For reasons that will be soon explained, traditional Pi is deficient because historically it has awkwardly used logical straight lines to measure illogical curvature. Thus, by using the highest level of mathematics known as Intuitive Maths, the True Value of Pi must be a bit more than anticipated to compensate for the mysterious “Area Under The Curve”. When this is done, the value, currently known as JainPi, = 3.144… can be derived, by knowing the precise Height of the Cheops Pyramid which is based on the Divine Phi Proportion (1.618…). Instead of setting our diameter at 1 unit or 1 square, something magical happens when we set the diameter at the diagonal length of a Double Square = 2.236… which is the Square Root of 5 (meaning 2.236… x 2.236… = 5). This is the critical part of the formula that derives Phi \frac{1+\sqrt{5}}{2}, and was used by ancient vedic seers as their starting point to construct their most important diagram or ‘Yantra’ or power-art called the Sri Yantra. With a Root 5 diameter, the translation of the Phi’s formula into a geometric construct derives the royal Maltese Cross symbol, concluding that Phi is Pi, that Phi generates Pi, and that Pi must be derived with a knowledge of the Harmonics of Phi. When this is understood and utilized, we will collectively enter into a veritable Space Age.

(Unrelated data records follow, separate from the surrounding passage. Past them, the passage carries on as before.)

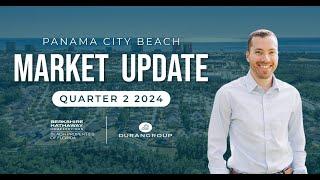 Panama City Beach Real Estate Market Update | Detached Single Family Homes & Condos Analysis Q2 2024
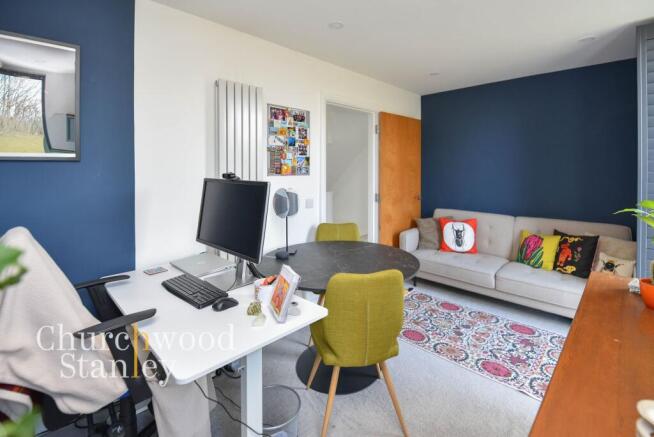 Second bedroom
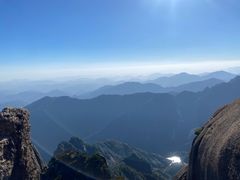 -黄山风景区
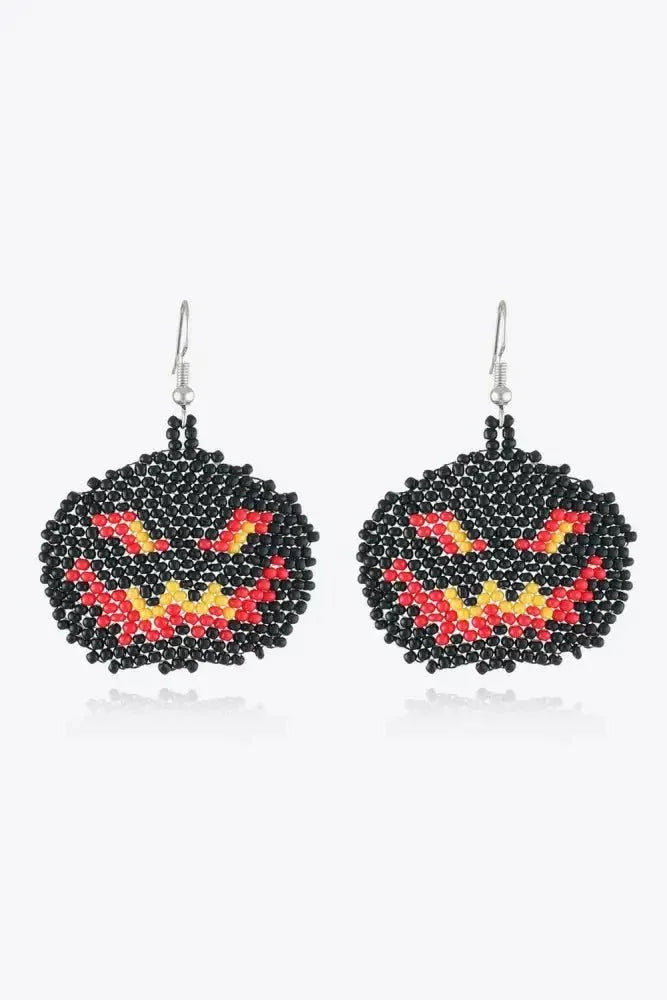Halloween Theme Earrings - Update AvenueHalloweenTrendsi1013006697778121013006697778120c8dfb7595b249edaf748695cb8882b8 - MaxBlack Pumpkin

How did we get the wrong value? It’s based on the “fact” that the computation of π is based on the use of “logical” straight lines to measure “illogical” curvurature. (From just that one sentence, we can already conclude that Jain knows nothing about logic, except what he learned from Mr. Spock on Star Trek.) More precisely, according to Jain:

In all due good respects, we must first honour Archimedes of Syracuse 2,225 years ago, who gave the world his system on how to calculate Pi, approximated to 22÷7, by cutting the circle into say 16 slices of a pizza, and measuring the 16 edge lengths of these 16 triangular polygons (fig 3), to get a good estimate for the circumference of a circle. The idea was that if we kept making the slices of pizza smaller and smaller, by subsequently cutting the circle into 32 slices, then 64, then 128 then 256 slices, we would get a better and more accurate representation for the circumference. The Fundamental Flawed Logic or Error with Archimede’s Increasing Polygon Method was that he failed to measure The Area Under The Curve. In fact, he assumed that The Area Under The Curve, just magically disappeared. Even in his time, Archimedes admitted that his value was a mere estimate!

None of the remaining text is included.